(Dataset excerpts)
<<<<
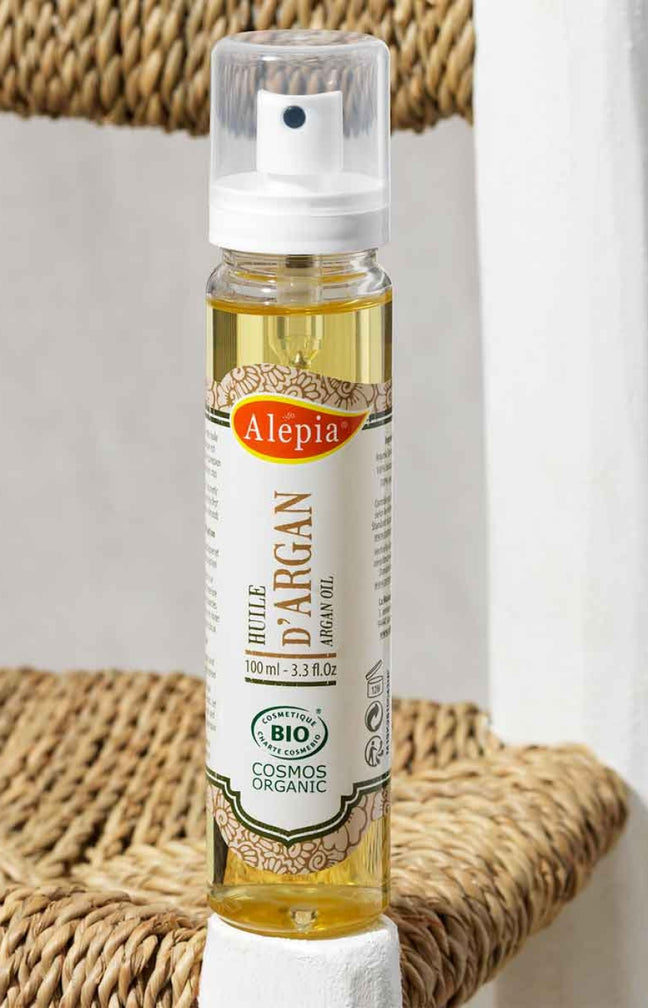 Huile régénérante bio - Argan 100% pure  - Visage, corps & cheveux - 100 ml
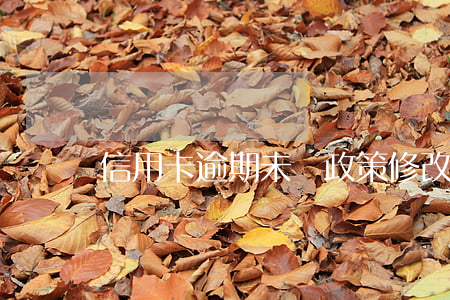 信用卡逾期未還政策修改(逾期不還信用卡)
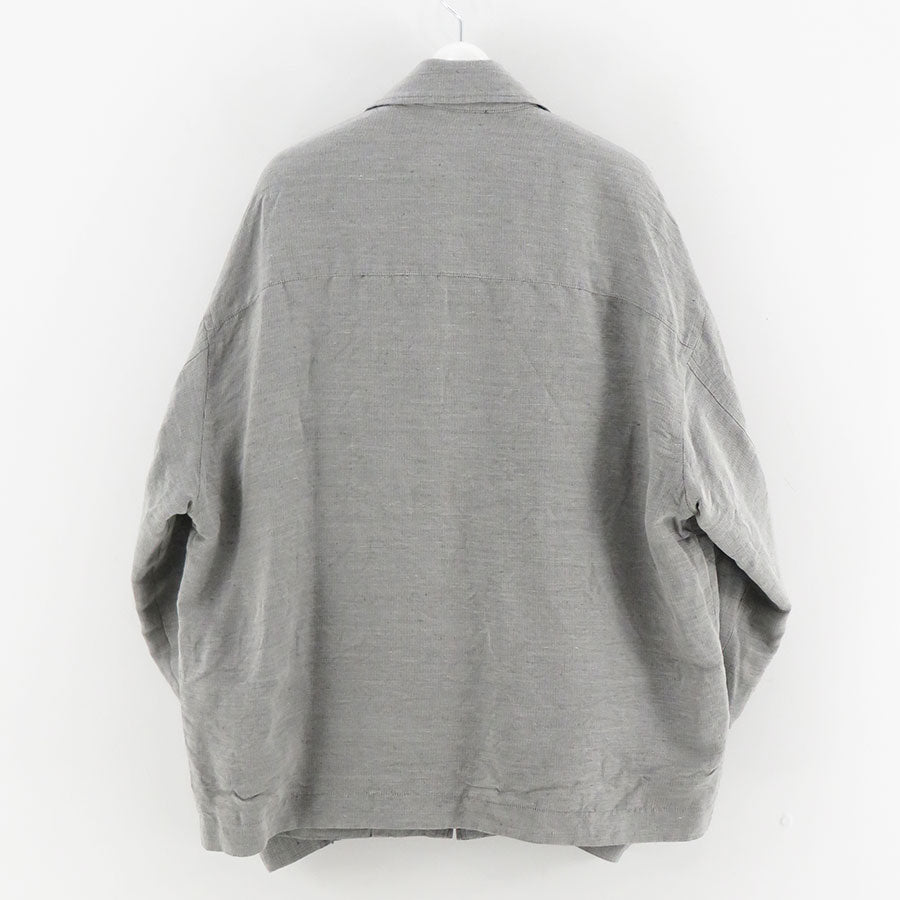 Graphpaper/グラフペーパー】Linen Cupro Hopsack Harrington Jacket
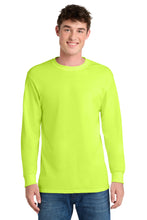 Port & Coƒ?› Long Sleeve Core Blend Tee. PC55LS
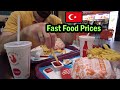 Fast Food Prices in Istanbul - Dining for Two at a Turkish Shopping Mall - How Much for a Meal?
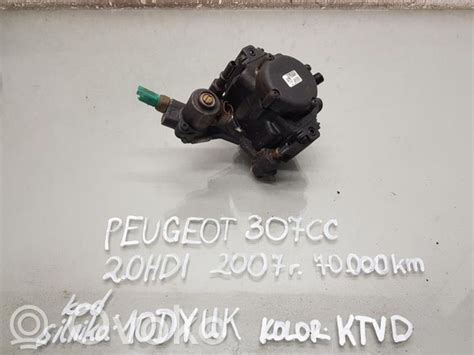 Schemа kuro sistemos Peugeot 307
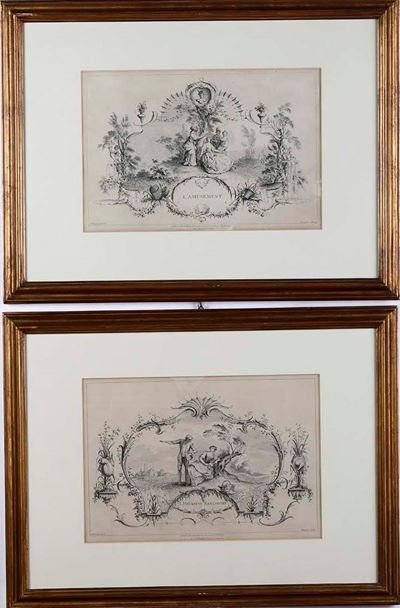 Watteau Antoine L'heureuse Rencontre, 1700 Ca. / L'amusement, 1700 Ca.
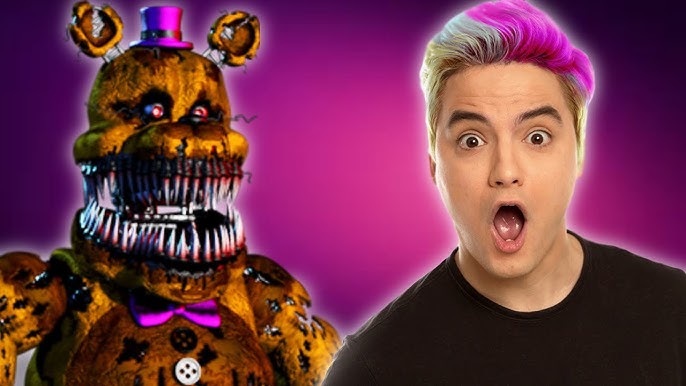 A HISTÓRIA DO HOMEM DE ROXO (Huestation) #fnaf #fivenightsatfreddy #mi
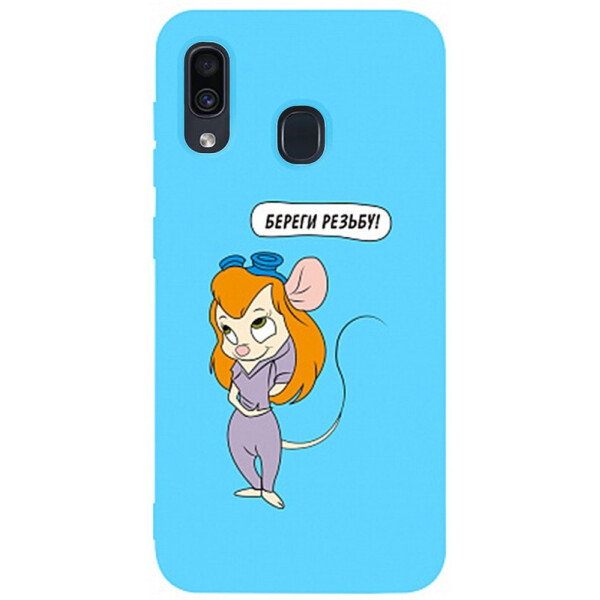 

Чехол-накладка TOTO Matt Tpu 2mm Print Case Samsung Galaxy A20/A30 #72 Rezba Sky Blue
>>>>
» **TASK PROMPT**: Transcribe each line above verbatim, with the pictures left out.

» **RESPONSE TO THIS TASK**:
 Huile régénérante bio - Argan 100% pure  - Visage, corps & cheveux - 100 ml
 信用卡逾期未還政策修改(逾期不還信用卡)
 Graphpaper/グラフペーパー】Linen Cupro Hopsack Harrington Jacket
 Port & Coƒ?› Long Sleeve Core Blend Tee. PC55LS
 Fast Food Prices in Istanbul - Dining for Two at a Turkish Shopping Mall - How Much for a Meal?
 Schemа kuro sistemos Peugeot 307
 Watteau Antoine L'heureuse Rencontre, 1700 Ca. / L'amusement, 1700 Ca.
 A HISTÓRIA DO HOMEM DE ROXO (Huestation) #fnaf #fivenightsatfreddy #mi

Чехол-накладка TOTO Matt Tpu 2mm Print Case Samsung Galaxy A20/A30 #72 Rezba Sky Blue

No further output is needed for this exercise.